One in ten cars on Europe’s roads has an electric drive. And EV registrations are on the rise. According to the European Automobile Manufacturers’ Association ACEA 745,000 new electric vehicles were registered in 2020, with the number topping 800,000 in the first ten months of 2021. The European Commission projects up to 30 million EVs being registered in the 27 member states by 2030. This raises end-of-life issues. While the auto inustry is exploring sustainable solutions, energy utility RWE is also looking into re-using lithium-ion batteries in a pilot project. The research programme is spearheaded by Jan Josef Bernholz, Head of Process Engineering at RWE Technology International, who explains how the batteries can help stabilise the power grid.
Mr. Bernholz, the concept underlying Project Lazarus is to give EV batteries a second life by using them in energy storage systems. Why is that useful?

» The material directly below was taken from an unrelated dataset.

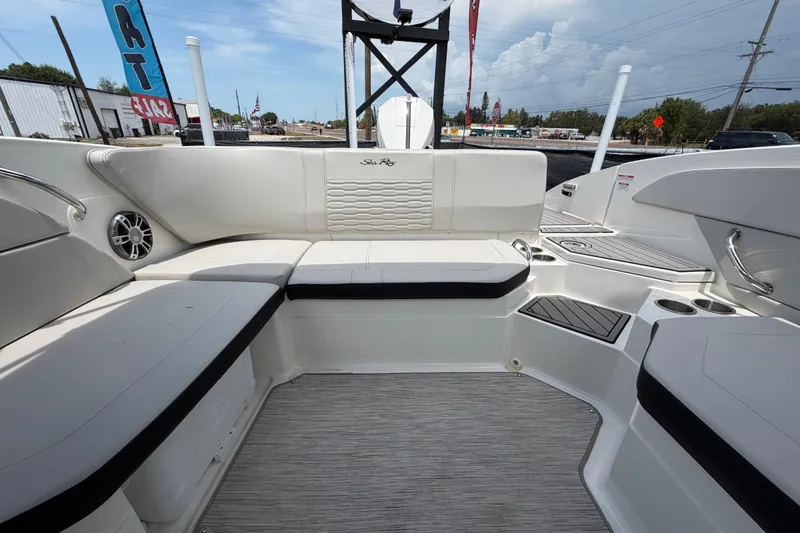 Slide: The Image of 2023 Sea Ray SPX 210 Outboard boat interior with white seating and modern design. - 47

Well, for starters it’s important to bear in mind that the performance of a lithium-ion battery doesn’t start to decrease until it has reached 3,000 charging cycles. Based on an average range of 100 kilometres per charge, an electric car can thus easily cover 300,000 kilometres. But even after this, the batteries still have a capacity of up to 80 percent. This is why it would be a shame to recycle them, especially given that this is a very demanding and expensive process. If we continue to use the batteries in storage systems, we can spare rare resources such as lithium, nickle and cobalt while saving a lot of money compared to conventional solutions.
What exactly does the design of such an energy storage system look like?

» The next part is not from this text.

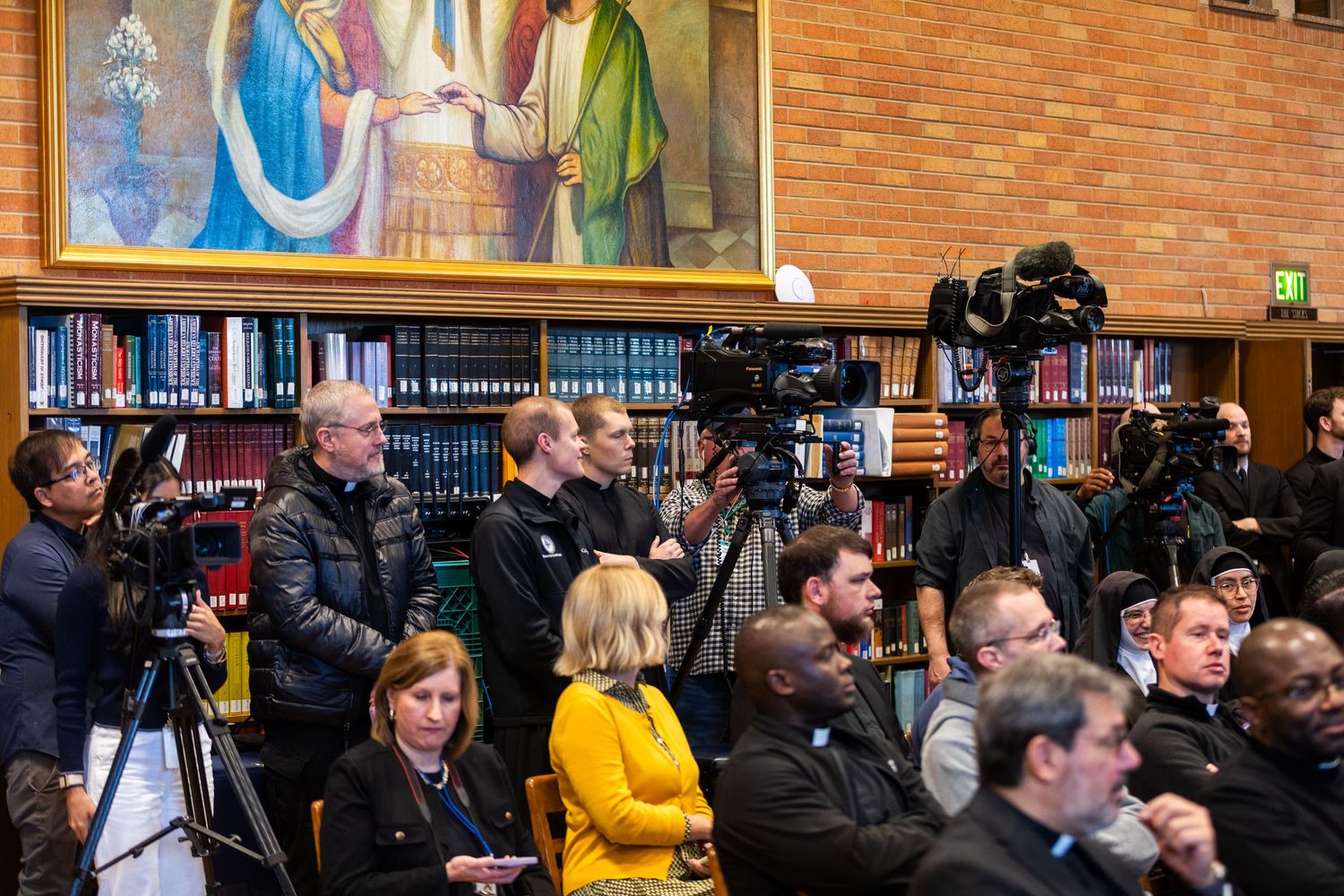 Media photographers and journalists gather in a library to cover a Catholic Church press conference.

The battery storage system is located in a hall at Lake Hengstey in Herdecke where RWE is already operating another storage unit made of about 550 lithium-ion batteries. The new system comprises 60 drive batteries removed from Audi e-tron models. They each weigh some 700 kilos, measure just over 2 by 1.5 metres and have a capacity of 100 kilowatt hours (kWh). We’ve connected the modules in series, bringing the system’s total capacity to 4.6 megawatt hours (MWh). Plus, it’s connected to the other battery store. This enables us to store a lot of electricity during short generation spikes and put it onto the system as needed.

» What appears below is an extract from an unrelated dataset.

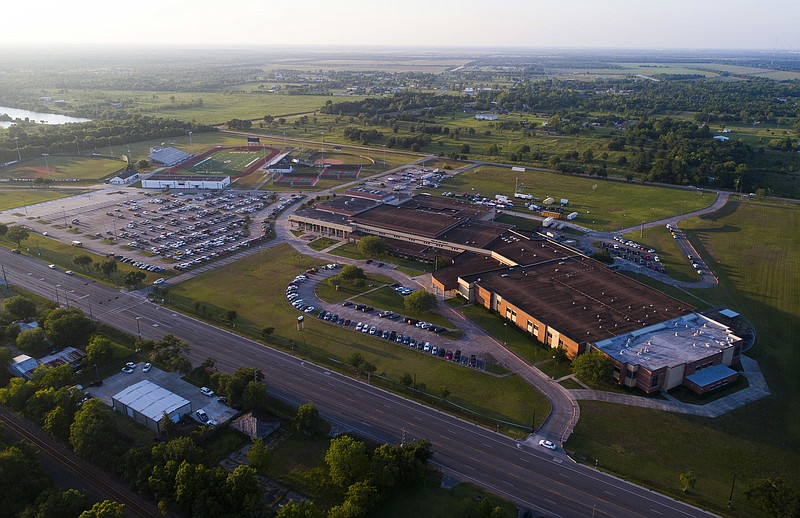 In this Friday, May 18, 2018, file photo, cars remain in the parking lot where they were left as the sun sets on Santa Fe High School, the scene of a deadly shooting earlier in the day with multiple fatalities, mostly students, in Santa Fe, Texas. If you want to know where mass school shootings are most likely to occur, look no farther than small-town and suburban America. (Mark Mulligan/Houston Chronicle via AP, File)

Storage solutions are becoming increasingly important as the energy transition and the expansion of renewble energy progress. How can one put second life technology to use?
On principle, storage systems made of second life batteries can be used whenever there ia a threat of brief bottlenecks on the grid. However, using them in large-scale indutrial plants can also be beneficial, as they can be activated during periods of high consumption, for example.
Do all car batteries lend themselves to this?
It’s important for them to have enough remaining capacity. Furthermore, it’s best for the batteries of a storage system to share the same design to ensure equal cell voltage. This is still challenging, because there aren’t many second life batteries right now. But this will change soon, once there are more EVs on the road. This is why we’re already beginning to research this technology.
How long can batteries be used before their capacity drops off too much?
This is one of the questions we seek to answer with Lazarus. Right now, we believe that their service life can be extended for a maximum of ten years. In addition, individual storage modules can be swapped out earlier. But the longer the battery’s second life, the smaller the carbon footprint of every kilometre travelled by the electric vehicle.